The second is that the Labour Party is reformable from within. The argument being that it can be transformed from what Tony Benn described as a party with socialists in it into a socialist party. Last week, we tackled this point by looking at how the Labour Party’s anti-democratic nature precludes this.

But those two arguments only need tackling if we deal with the third argument. That is, the electoral system in the UK. The narrative is as follows: under first past the post, there is no prospect of electoral success for any party to the left of Labour. The practical realities of the electoral system mean that if you wish to transform society through a political party, the only vehicle through which to do it is Labour. No party to Labour’s left has ever won more than a couple of parliamentary seats. The Communist Party of Great Britain managed to win two in 1945. The Green Party has only ever won one. RESPECT got George Galloway elected in two different constituencies, but never won another seat. The SNP and Plaid Cymru have won more but aren’t seeking to secure a position in the UK government. Every other party to the left of Labour – from TUSC to the Socialist Labour Party and from Left Unity to the array of Trotskyist groups – has never managed to gain representation in parliament. Time and time again, we’ve seen left electoral projects fail, giving further evidence that the cut-throat, winner-takes-all electoral system is one of the strongest barriers to a more radical left party securing influence in parliament.

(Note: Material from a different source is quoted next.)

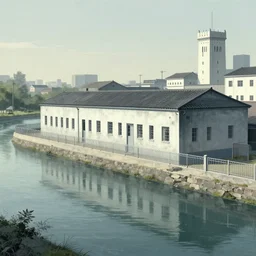 a chinese prison by a river, in the style of junji ito, parts by edward hopper, parts by rodcenko, parts by yue minjun, parts by peter doig, intricate and epic composition, 4 k, very detailed, insanely quality, line brush, highly detailed, masterpiece, voxel art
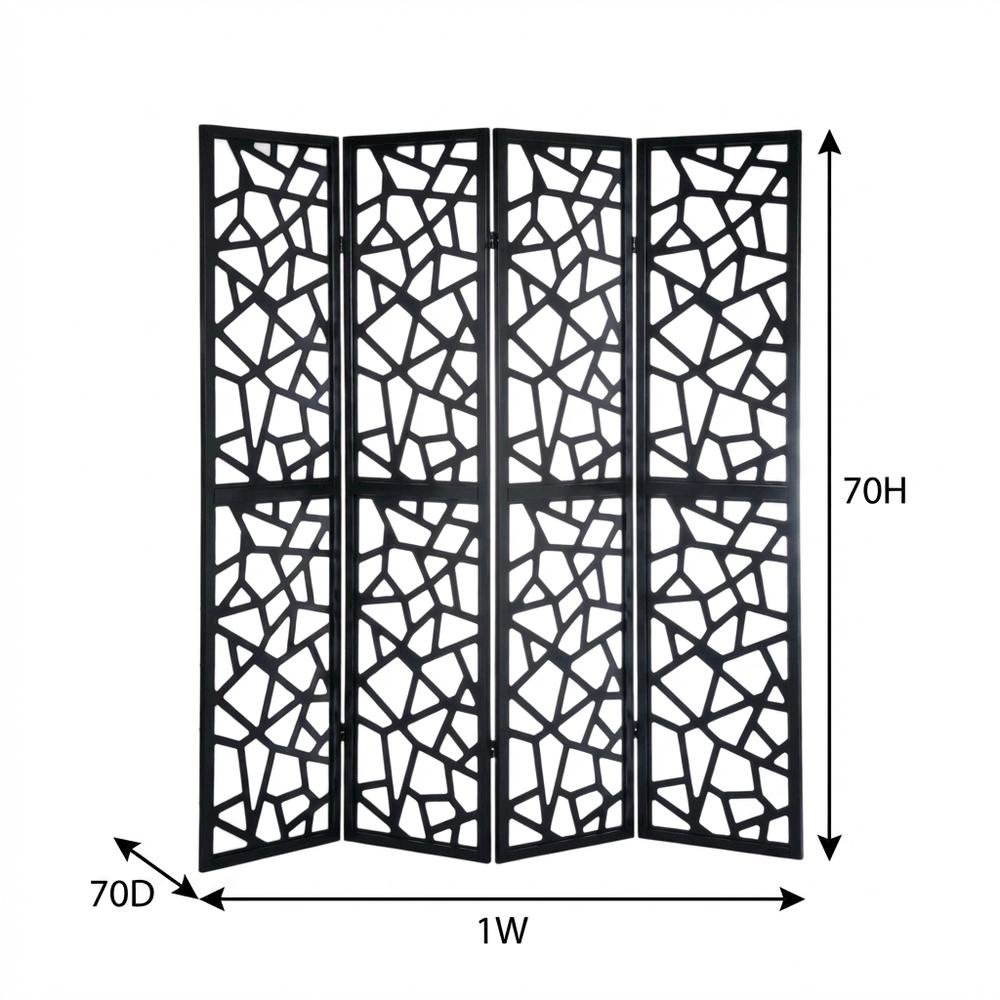 Black 4-Panel Wood Folding Room Divider, Fabric, 70 Inch. Picture 7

The argument is compelling, and it is undoubtedly true that we need urgent and fundamental democratic reform. But increasingly, the argument no longer applies to the Greens. Outside of Westminster, the Green Party of England and Wales has secured electoral success well beyond that of any party to Labour’s left active in England.

In London’s proportional elections to the Assembly, the Greens have had between two and three seats for the entire history of the body. While UKIP and the BNP both briefly broke onto the Assembly, no other left party has.

And when it comes to first past the post elections, the Greens have also shown they can win. After unprecedented gains in the 2019 local elections, followed by similar major successes in 2021 and 2022, the Green Party now has over 500 Councillors across England and Wales. Confidence of gaining more soon is also high. No party outside of the big three – Labour, the Lib Dems and the Tories – have ever had this many seats, not even UKIP at their peak. With that success has come genuine power, with the Greens in administration in Councils across the country.

And in Westminster too, the Greens have a real chance of breaking through in the future. An increasingly professionalised election machine that has paid dividends in local elections is being applied to a number of target parliamentary constituencies too. Most obviously, this is the case in Bristol, where the party’s co-leader Carla Denyer has high hopes of becoming the Greens’ second ever MP. But it also happening elsewhere, where there is a very real prospect of more Greens being elected to the House of Commons in the next two election cycles.

In light of Keir Starmer dragging Labour to the right, and in light of the fact that no other socialist electoral project having secured any real representation at any level of government, it’s clear that there’s only one left alternative with a track record of winning seats, of obtaining power and of delivering change when in office. That alternative is the Green Party.